Why Russian Space Images Look Different From NASA's
An anonymous reader writes "The Russians have published two amazing photos of Earth using their new Elektro-L satellite, in 30,000km high orbit around the equator. The quality is stunning, and they look quite different from NASA's Earth images. But why are they different? And are they better than NASA's?"
Well, they're in Russian, for one thing.
Actually it is faulty the 1st time you click the link
After it sets its cookies it works fine ...
Gizmodo redirects any traffic to their localized versions. For example, I'm in Brazil and if I follow the link provided in the summary, they redirect me to http://www.gizmodo.com.br/#!5787176/this-is-the-moon-and-the-earth-like-you-have-never-seen-them-before -- that doesn't exist and goes to the front page of the localized version.
Note that I both my OS and browser are in English. I even made sure that my "preferred language for displaying pages" are only English. I guess they do the redirection based on IP only, and find that quite rude.
In my experience with remote sensing better looking means nothing. What matters is the what kind of information we're able to extract from images. Like:
http://www.sciencephoto.com/images/download_wm_image.html/E750009-F._colour_Landsat_image_of_a_reservoir_in_Virginia-SPL.jpg?id=697500009
This a useful Landsat image (or composition, actually). It's also very ugly. But it's very useful.
We often had a guy to make a few beautiful images. Do the composition in the GIS software we used normally and our designed retouched it on Photoshop. People often went "wow" when looking at it but it was useless.
English is not my first language. Corrections and suggestions are welcome.
Terrible article.. what's amazing here is that a whole mess of satellites have been launched to GEO but this is the first time anyone bothered to release photos from the altitude to the public. Isn't it glorious to see the entire Earth in one frame?!
How we know is more important than what we know.
Gizmodo always does that. The links all revert to their home page like the fucken inbred assholes that they are.
Remove the "#!" part.
http://gizmodo.com/5787176/this-is-the-moon-and-the-earth-like-you-have-never-seen-them-before
Oh, gizmodo is horrible. First it took me to the german site, which didn't have the article. Then, after lots of manipulation (click the little 'US' label on the left top), I got to the article, but couldn't figure out how to close the stupid window that covers half of the cool image they're talking about.
But, to the subject: Isn't it fairly obvious why the russian image looks better? Look: compare the NASA image: http://visibleearth.nasa.gov/view_rec.php?id=2429 to the russian one: http://www.russianspaceweb.com/images/spacecraft/application/weather/elektro/earth_disk1_1.jpg One obvious difference - in the NASA image, clouds have no shadow, in the russian one they do.
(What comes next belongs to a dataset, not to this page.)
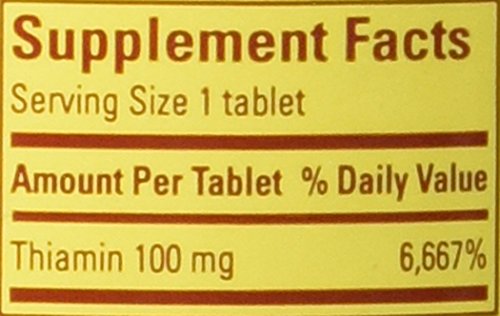 Nature Made Vitamine B1 100 mg – etiquette du flacon, source d'énergie et concentration possible.
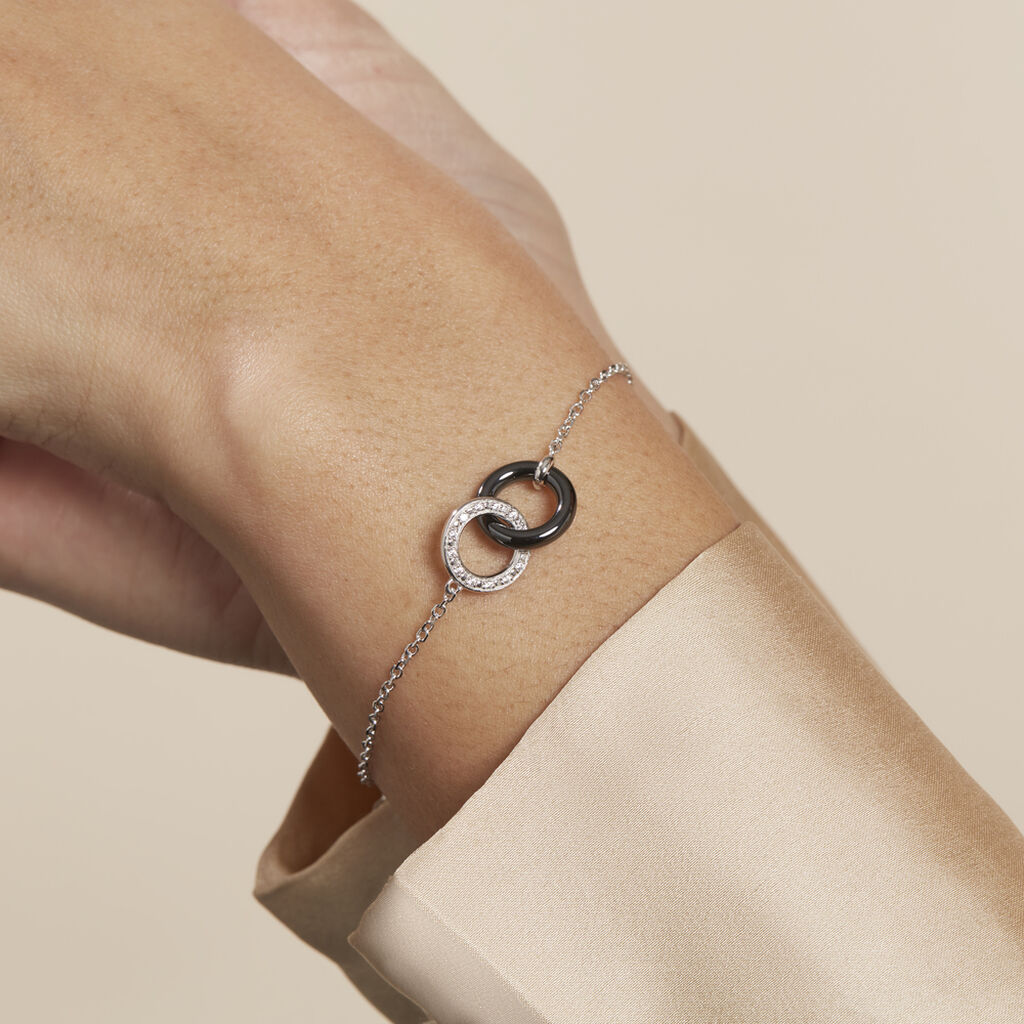 Bracelet Dina Argent Blanc Céramique Et Oxyde De Zirconium -  Femme | Histoire d’Or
That makes the NASA image look flat, and the russian one jump out in 3D. Why that is, I'm not sure.
"the Russian images are not better or worse than their images. They are just different visualizations of reality based on different data sets" and this sums up nearly everything ever.
http://www.russianspaceweb.com/elektro.html
It's definitely borked still if you're on an iPhone. Goes to m. then fails to find the link. Also trying to localize. What a godawful mess of site disfunction.
Where are we going and why are we in a handbasket?
The Russian photos are made entirely of data from red and infrared sensors. The NASA Blue Marble image is a completely, tragically fake rendering, with visible polygon vertices... but mapped with photos from beautiful RGB sensors.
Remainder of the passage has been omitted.